One can’t help but feel inspired within minutes of talking with Janet Napper. Janet, a 55 year old firmly rooted Christian woman, is a survivor of child abuse and neglect, foster care molestation, domestic violence and rape, as well as verbal, emotional, physical and financial abuse.
Her abuse began at the tender age of 2 1/2 and did not come to an end for good until she was 36 years old. In her own words:
“I was abandoned in an apartment by my parents. The police found me after a few days crying (and) put me in an orphanage, then in foster care. In the only foster home I had (til 18), I was emotionally, verbally and sexually abused. I lost my virginity at 13 (and) became pregnant at 16. Living with my boyfriend, I was physically abused then raped. In and out of relationships offering me security and safety, I was abused off and on and became the abuser as well.”
Janet stated that after turning her life over to God and seeking biblical counseling, she is happily married. Now married five years, she met her husband, Kenneth, six years ago on a Christian dating site. She says that what she loves most about her husband is that he is gentle, kind, caring and loves her conditionally. As she put it, “just because I am me.” When asked about knowing when she was ready to explore a romantic relationship, she stated that she felt she was ready after five years of being single, understanding her value and learning how to implement her choices and boundaries.
Janet is the Founder of Overcoming Abuse Gods Way, a group of of internationally qualified passionate people used of God to help educate the cause and effects of abuse to men, women and children.

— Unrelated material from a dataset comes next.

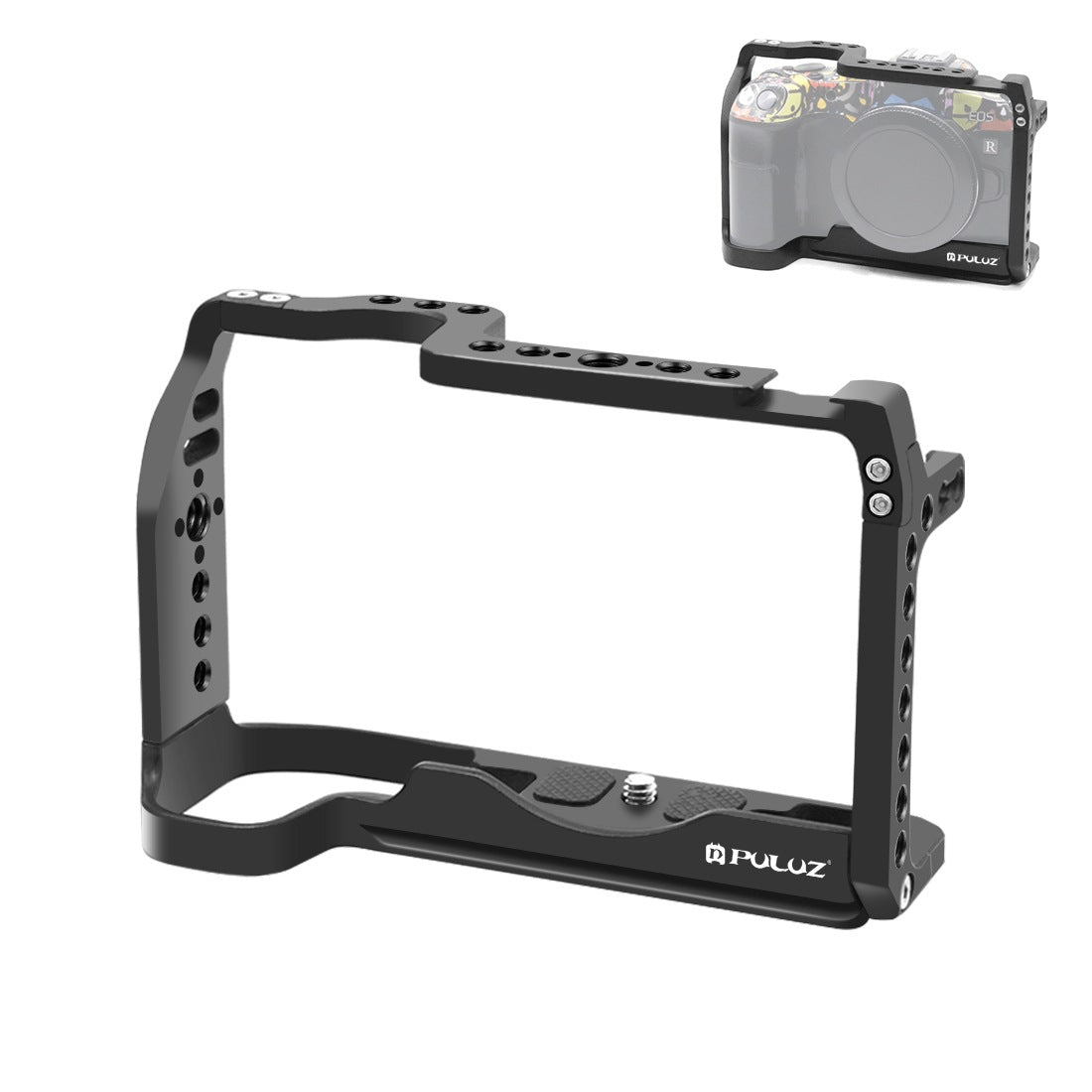 EOS Camera Cage Border DSLR Camera Extension Accessories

The proud mother of six is the Author of a book with the same title.
Our final question was to ask if she had any advice regarding relationships for anyone who is currently experiencing abuse or has in the past. We will close this edition of “Finding Love After Trauma” with her response.
“If you are in abuse (male or female) and in danger, seek help immediately to get out of harms way with your children, if you’re a parent. Take courage to understand your value as a person and that you are worth getting help and having a joyful life with your children, if you are a parent. Take courage to forgive yourself so you can begin to love yourself by sharing with a trustworthy Christian friend or counselor. If you choose to leave your abuser, stay single for at least three years to really understand the cause and effects of abuse so you have an opportunity to say ‘no’ when you see danger in a relationship before it goes into a courtship-intimacy. Love yourself so you can love your children, family and friends properly with boundaries. God bless you as you seek out healing and restoration.”